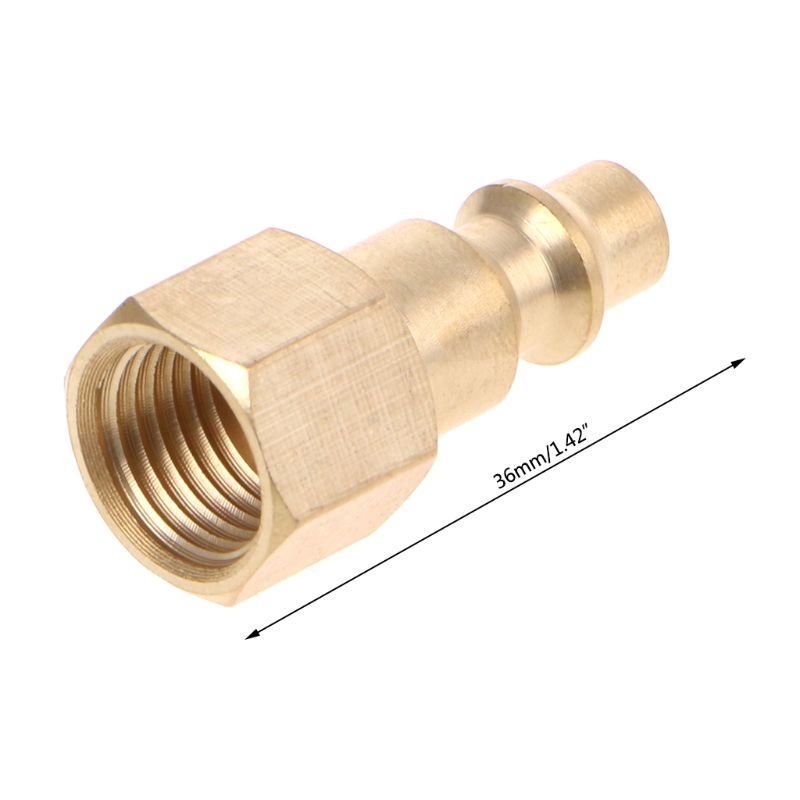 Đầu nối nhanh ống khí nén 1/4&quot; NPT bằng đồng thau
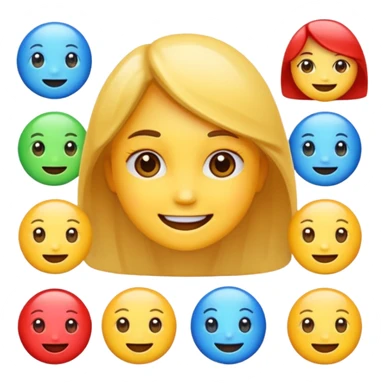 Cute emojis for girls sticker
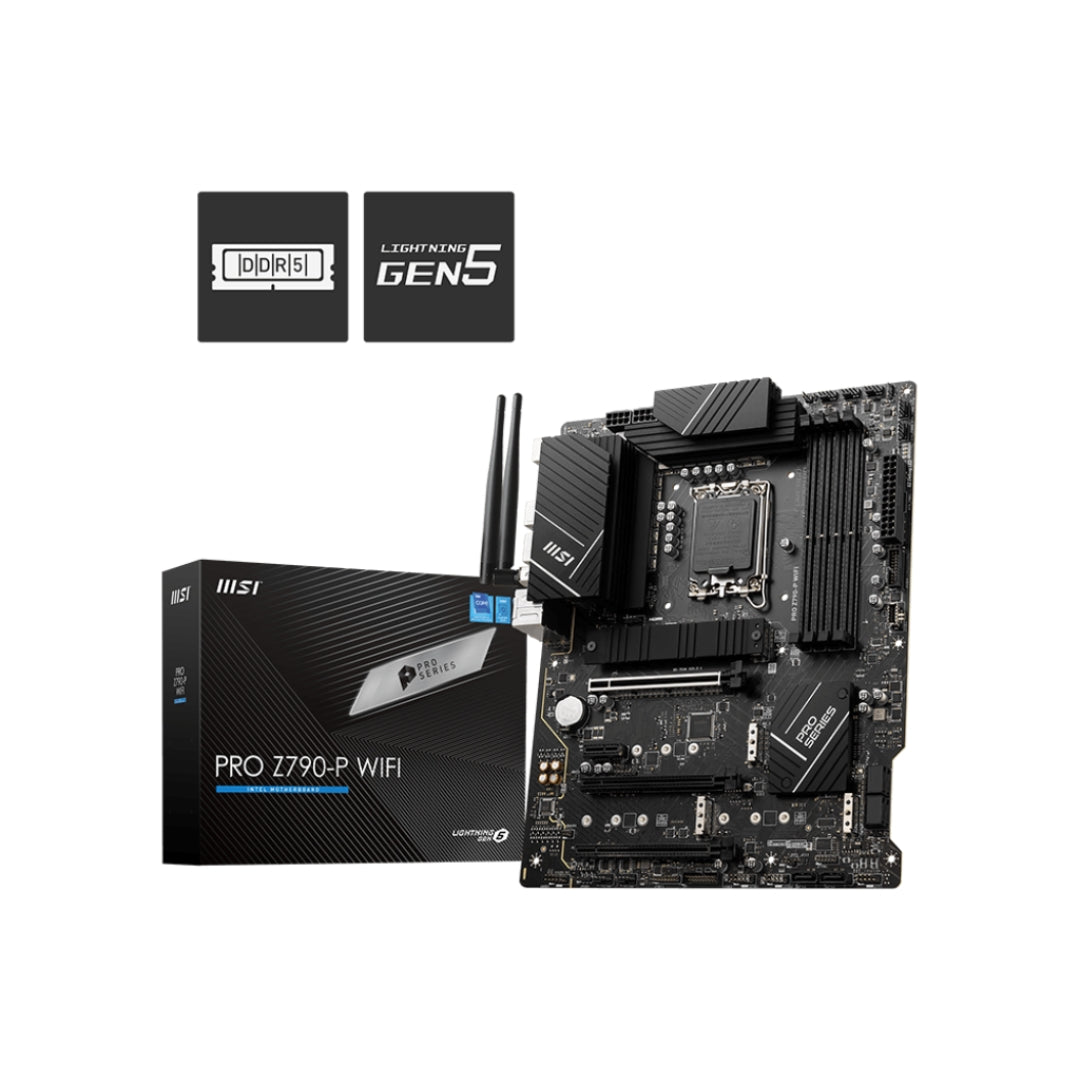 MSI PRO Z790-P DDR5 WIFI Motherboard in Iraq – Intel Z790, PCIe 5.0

+++

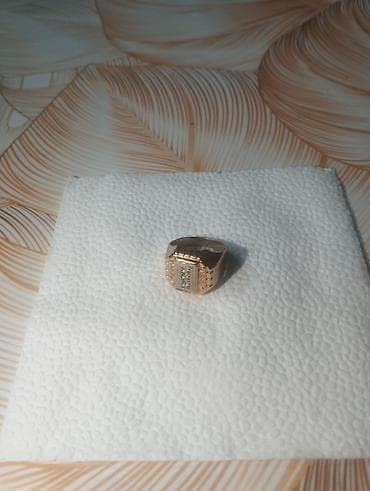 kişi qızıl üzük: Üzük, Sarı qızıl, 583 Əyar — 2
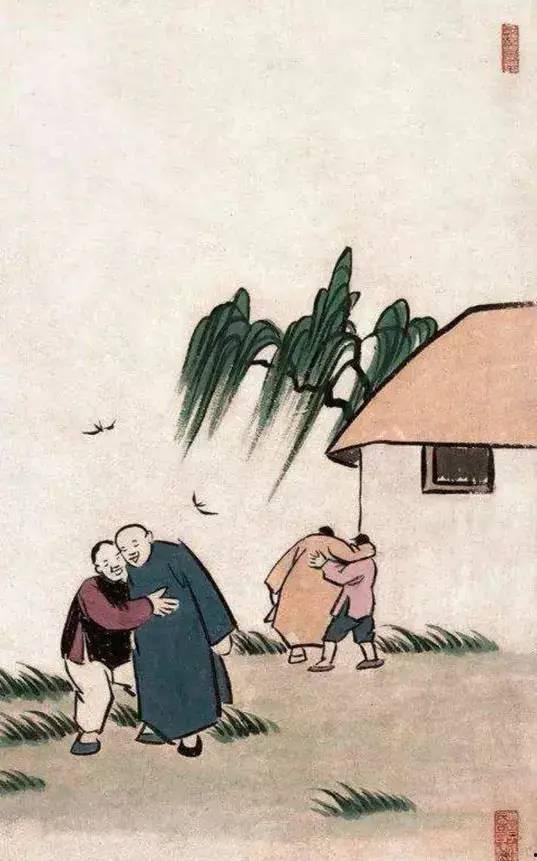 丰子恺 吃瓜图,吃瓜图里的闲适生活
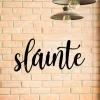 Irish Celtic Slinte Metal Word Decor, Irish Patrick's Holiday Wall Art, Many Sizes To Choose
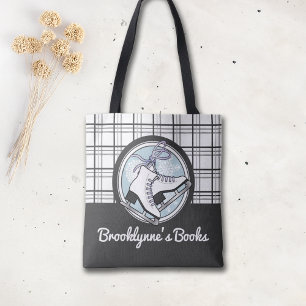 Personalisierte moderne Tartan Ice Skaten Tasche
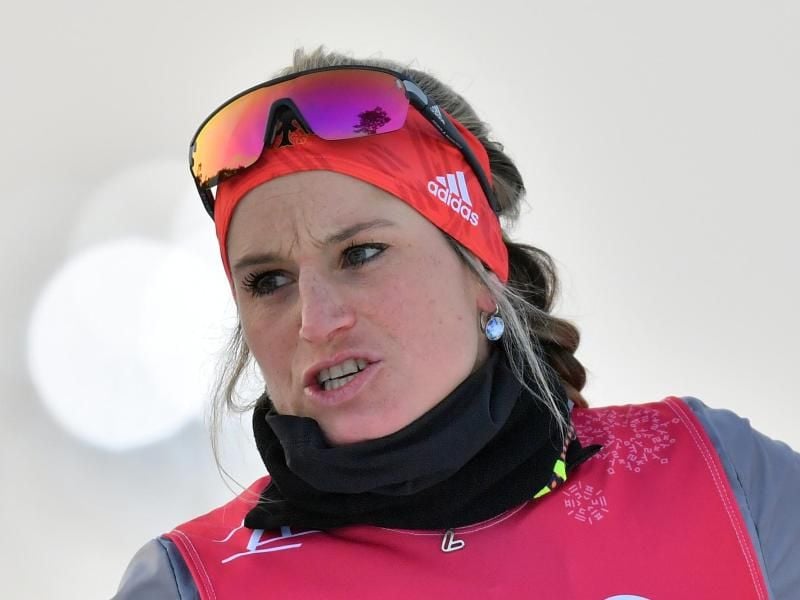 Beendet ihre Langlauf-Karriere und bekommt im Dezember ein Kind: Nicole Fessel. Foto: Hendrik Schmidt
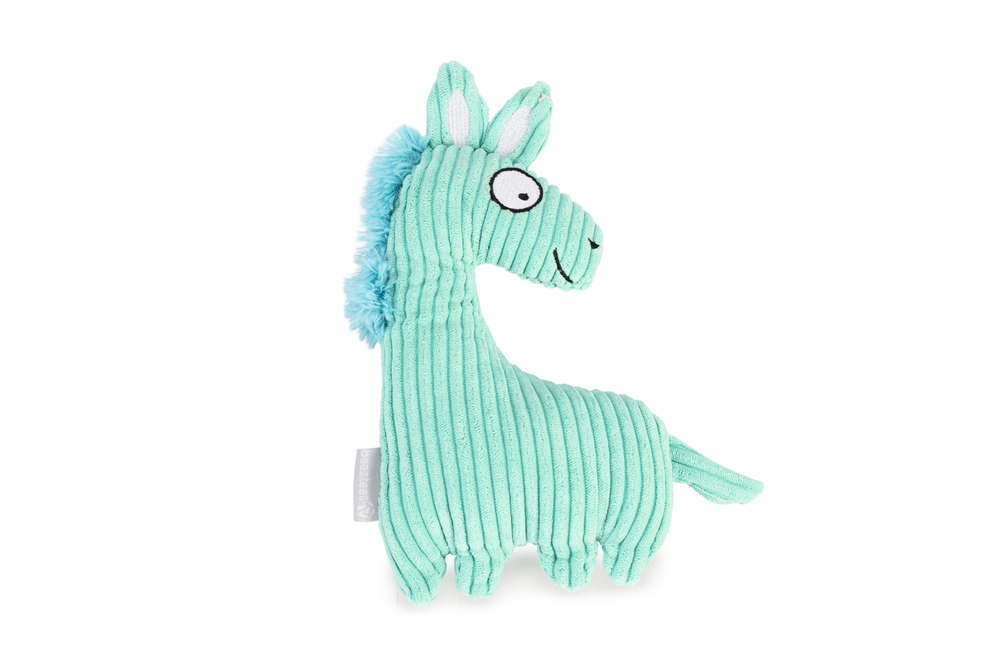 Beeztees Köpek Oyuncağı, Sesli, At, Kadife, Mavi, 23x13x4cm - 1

+++

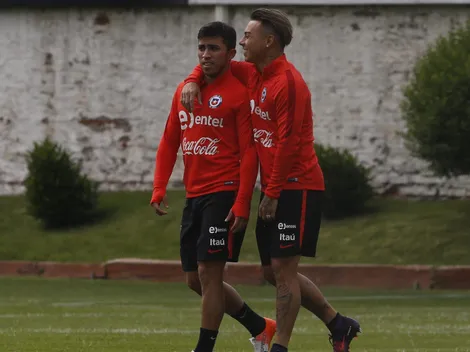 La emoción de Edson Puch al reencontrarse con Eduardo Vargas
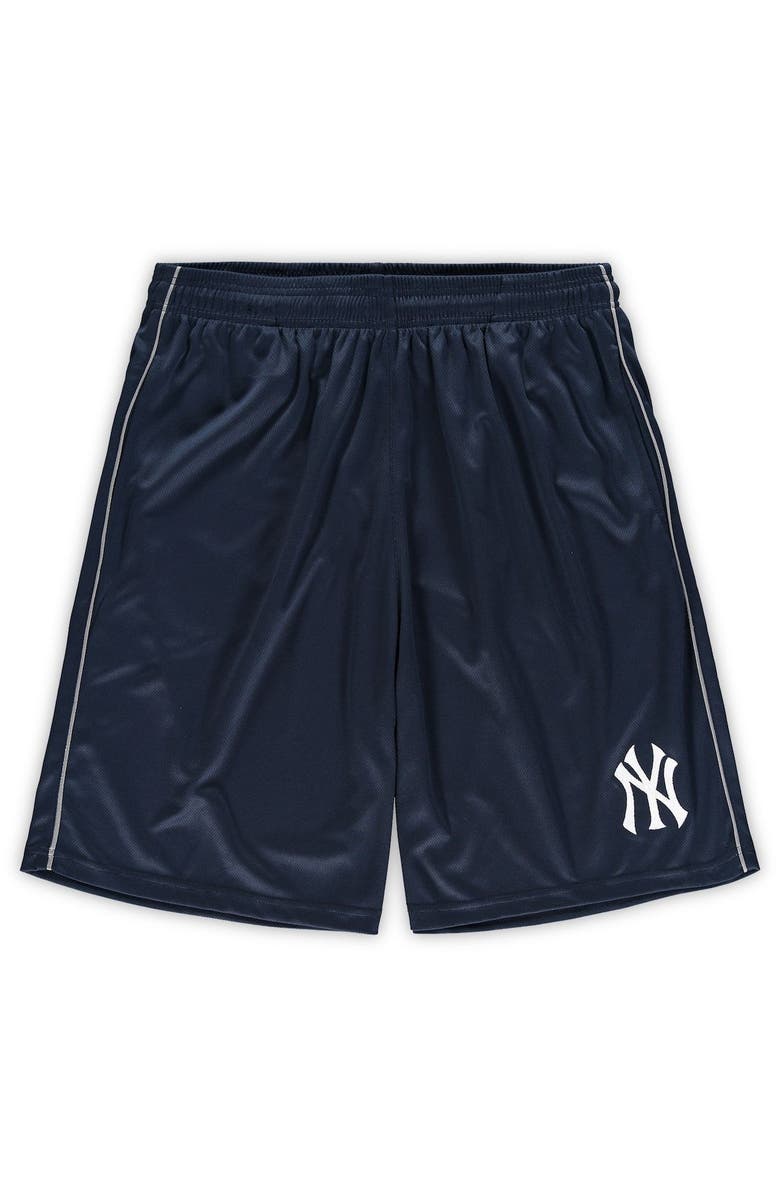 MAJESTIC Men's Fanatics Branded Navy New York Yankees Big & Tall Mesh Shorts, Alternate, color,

+++

In the listing above, find the line with "Irish Celtic Slinte" and the line with "Beeztees Köpek Oyuncağı, Sesli, At, Kadife, Mavi, 23x13x4cm". Copy exactly those two and every line between, without the pictures.

* **TASK SOLUTION**:
 Irish Celtic Slinte Metal Word Decor, Irish Patrick's Holiday Wall Art, Many Sizes To Choose
 Personalisierte moderne Tartan Ice Skaten Tasche
 Beendet ihre Langlauf-Karriere und bekommt im Dezember ein Kind: Nicole Fessel. Foto: Hendrik Schmidt
 Beeztees Köpek Oyuncağı, Sesli, At, Kadife, Mavi, 23x13x4cm - 1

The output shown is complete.